_Exercise materials_.
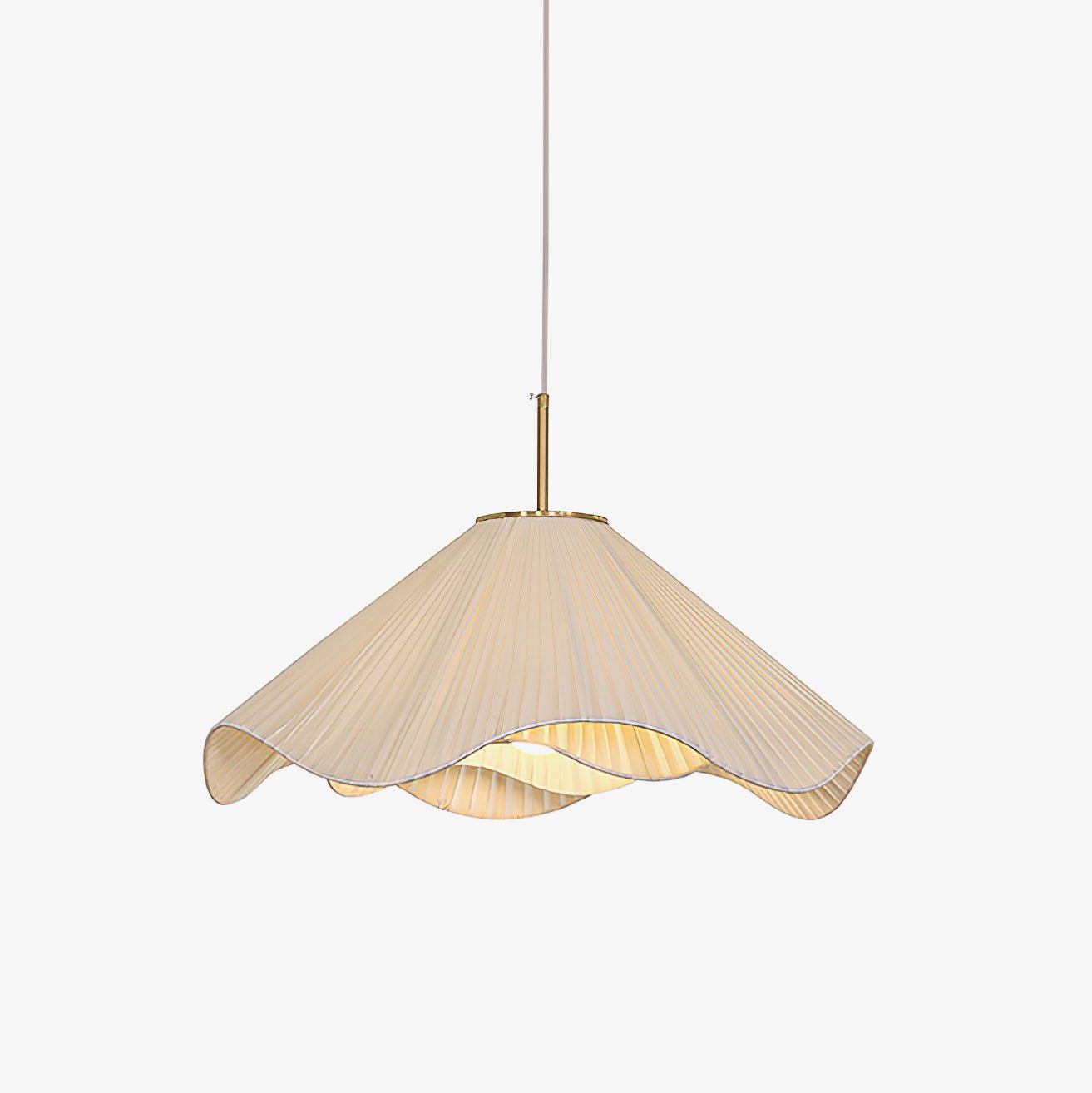 elara-pendant-light-anzaz-Beige & Gold-1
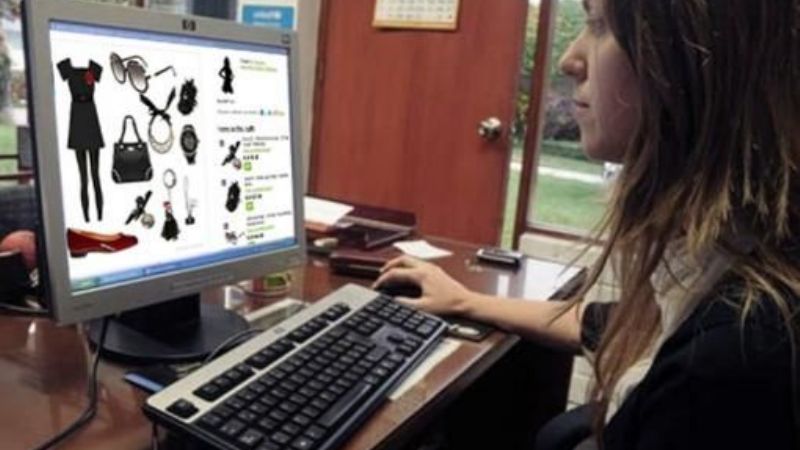 Desde hoy, tres días de ofertas para compras por Internet en Argentina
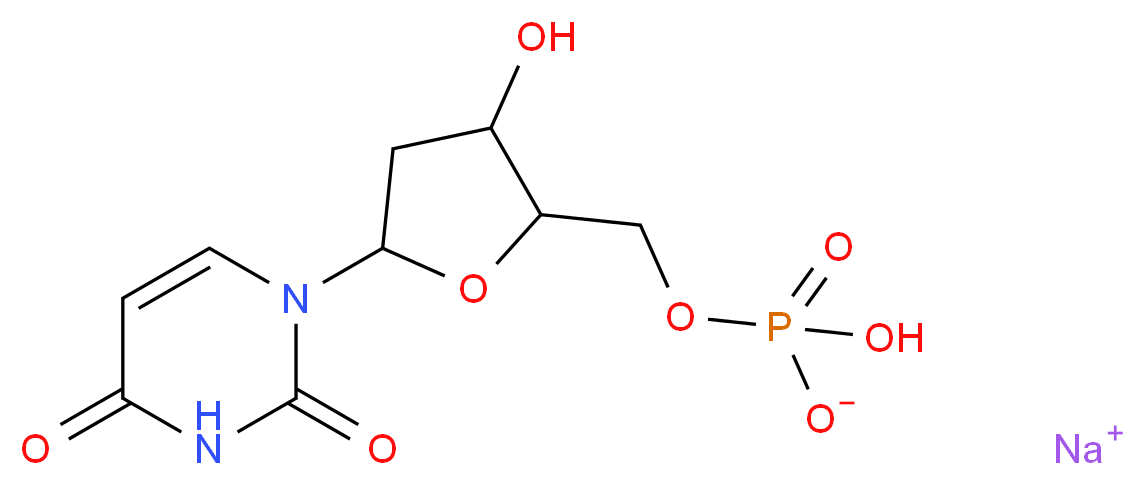 42155-08-8 分子结构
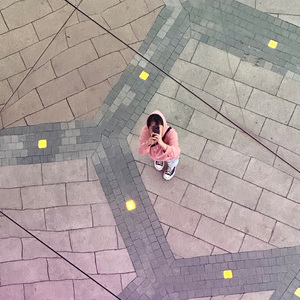 弥敦道(cover)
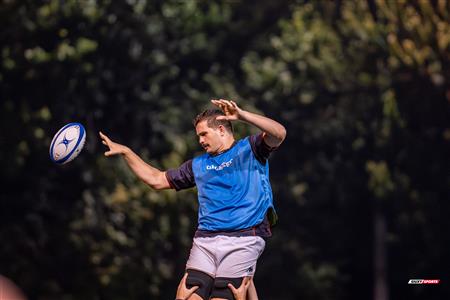 Montreal 1862 - ENTRAÎNEMENT SR ELITE - Parc Henri Julien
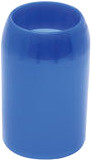 MOTION PRO FORK SEAL BULLET SET 41MM (BLUE)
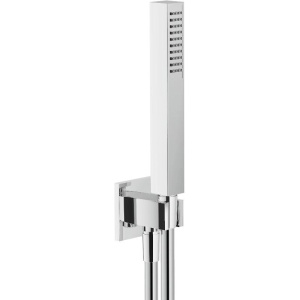 Душевой набор Nobili Rubinetterie AD146/30CR хром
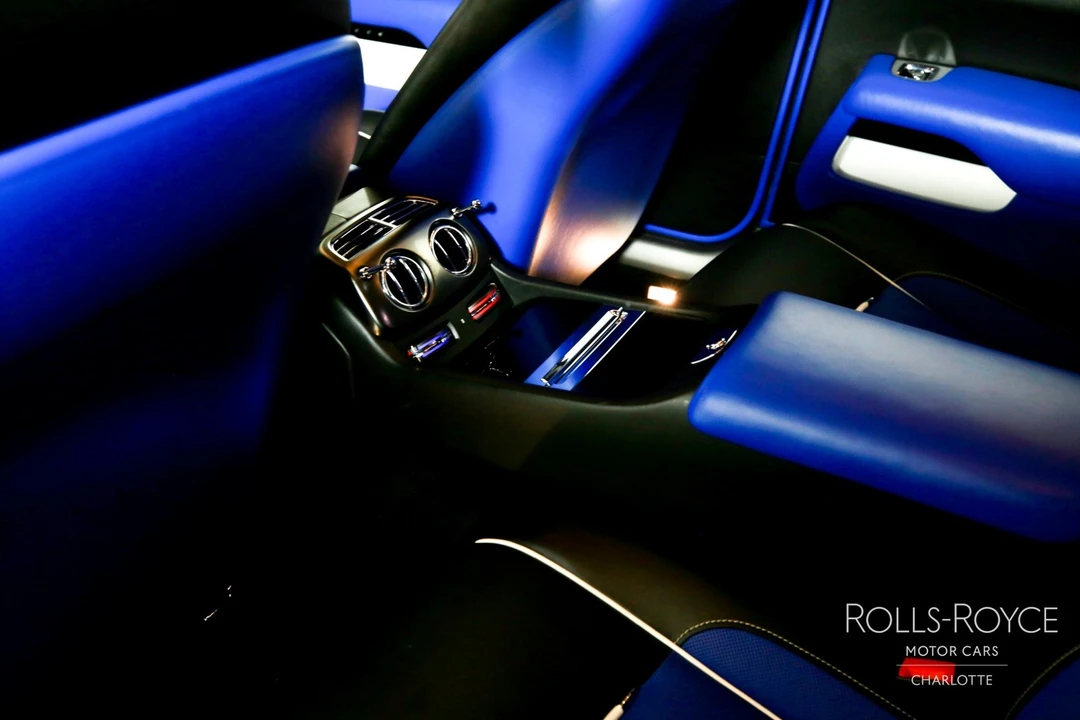 2017 Rolls-Royce Wraith 2nd Gen - Image 18 of 31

_What to do_.
The data above must be given again in full and unaltered, minus its images.

_Result below_.
 elara-pendant-light-anzaz-Beige & Gold-1
 Desde hoy, tres días de ofertas para compras por Internet en Argentina
 42155-08-8 分子结构
 弥敦道(cover)
 Montreal 1862 - ENTRAÎNEMENT SR ELITE - Parc Henri Julien
 MOTION PRO FORK SEAL BULLET SET 41MM (BLUE)
 Душевой набор Nobili Rubinetterie AD146/30CR хром
 2017 Rolls-Royce Wraith 2nd Gen - Image 18 of 31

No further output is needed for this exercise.